* WHAT THE TASK ASKS
When you reach the line containing "You can also", begin reproducing the material exactly, stop after the line containing "Hi everyone! A", and leave out any pictures along the way.

* SOURCE RECORDS

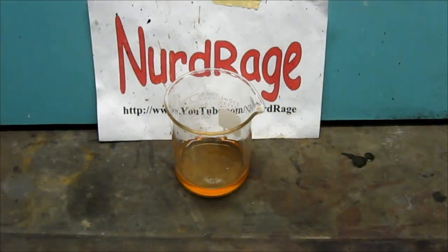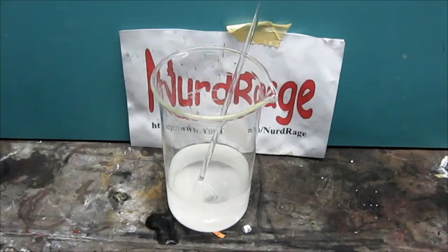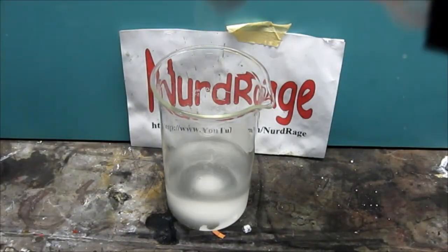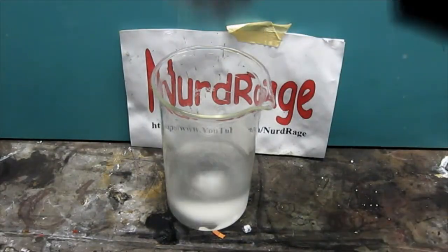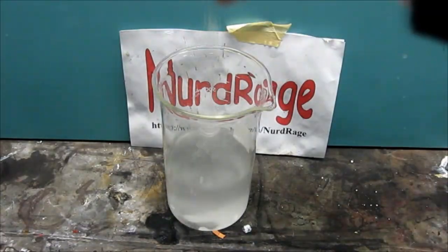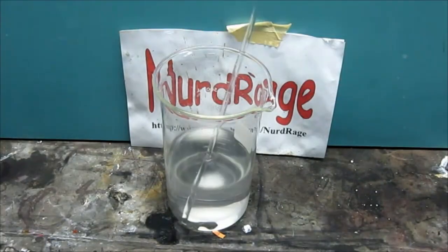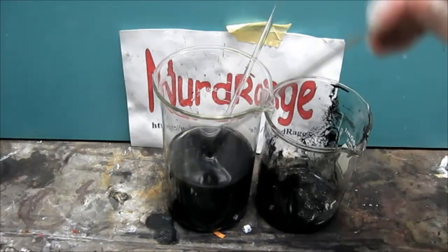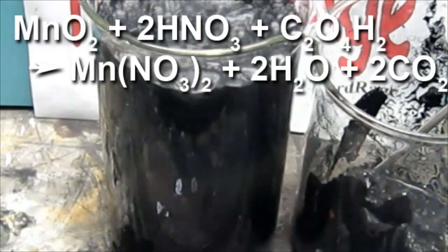Now manganese nitrate requires a bit more work. The procedure however is very similar to how we made manganese sulfate, but instead of using sulfuric acid we use nitric acid. So we just make a solution of 30 grams of oxalic acid and 32 milliliters of nitric acid in 300 milliliters of water, and just keep adding washed manganese dioxide battery paste until it stops fizzing. The redox reaction is very similar to the one used for manganese sulfate.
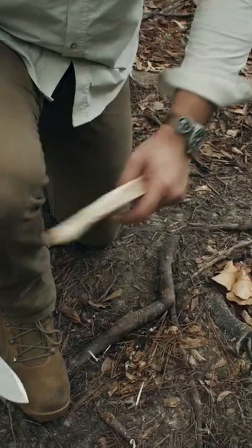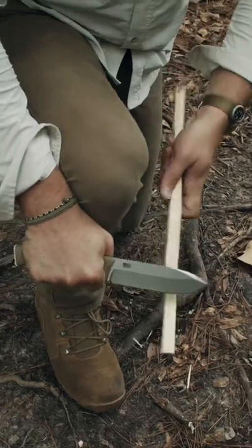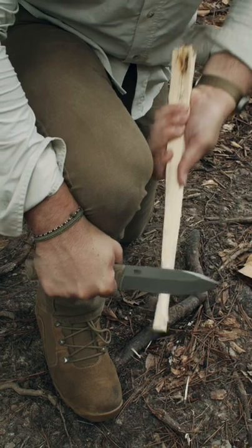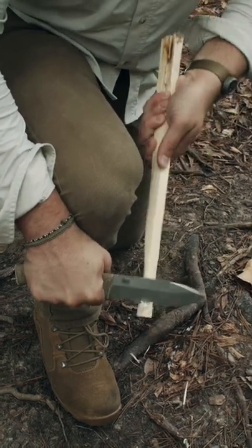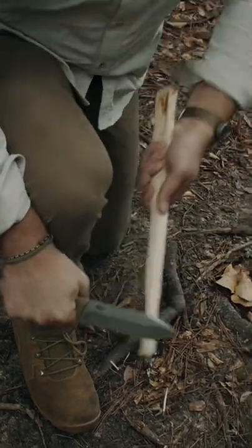The next technique is the knee lever. Lock your wrist into your knee and pull the wood, just like with the chest lever. This keeps a safe environment — you're not swinging a knife around, especially in close quarters when there are multiple people around you and you need to do some serious cutting.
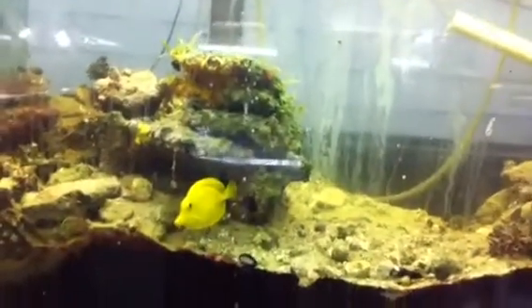Hi, this is Sally Jo with GARF and this is the 4th Reef Challenge, 125-gallon reef tank.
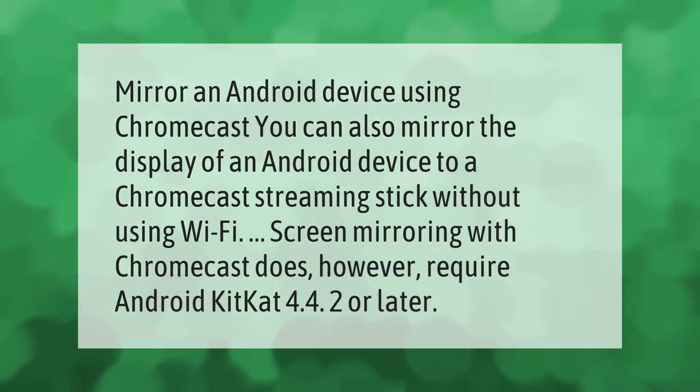You can also mirror the display of an Android device to a Chromecast streaming stick without using Wi-Fi. Screen mirroring with Chromecast does however require Android KitKat 4.4.2 or later.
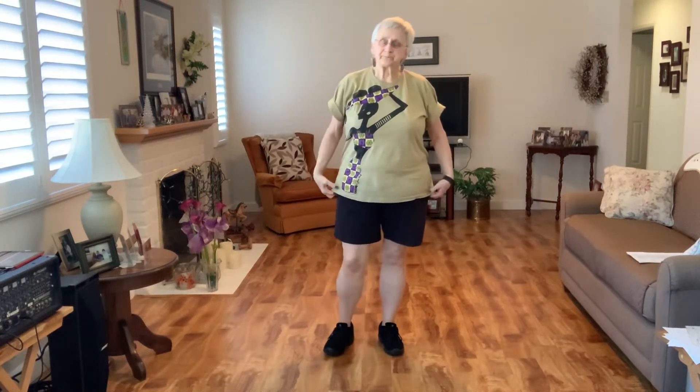Hi everyone! A lot of choreographers have been doing retro dances — reviewing very old, very popular past dances. I've been going through those and I have a lot of all-time favorites. This next dance is one of my all-time favorites from January 2012, and it's called 'Without Fire,' choreographed by Carl Harry Winston.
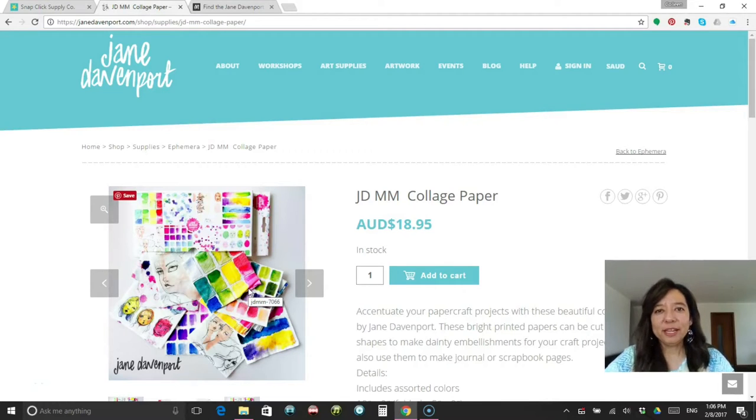Hi everyone. I've been enjoying everyone's videos on the new Jane Davenport collection that was released at Michael's this winter. The problem for me is I can't get any of that product right now where I live, so I'll need to wait to pick up this product when I get back to the States to visit this spring.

* PROBLEM SOLUTION
You can also mirror the display of an Android device to a Chromecast streaming stick without using Wi-Fi. Screen mirroring with Chromecast does however require Android KitKat 4.4.2 or later.
Hi everyone! A lot of choreographers have been doing retro dances — reviewing very old, very popular past dances. I've been going through those and I have a lot of all-time favorites. This next dance is one of my all-time favorites from January 2012, and it's called 'Without Fire,' choreographed by Carl Harry Winston.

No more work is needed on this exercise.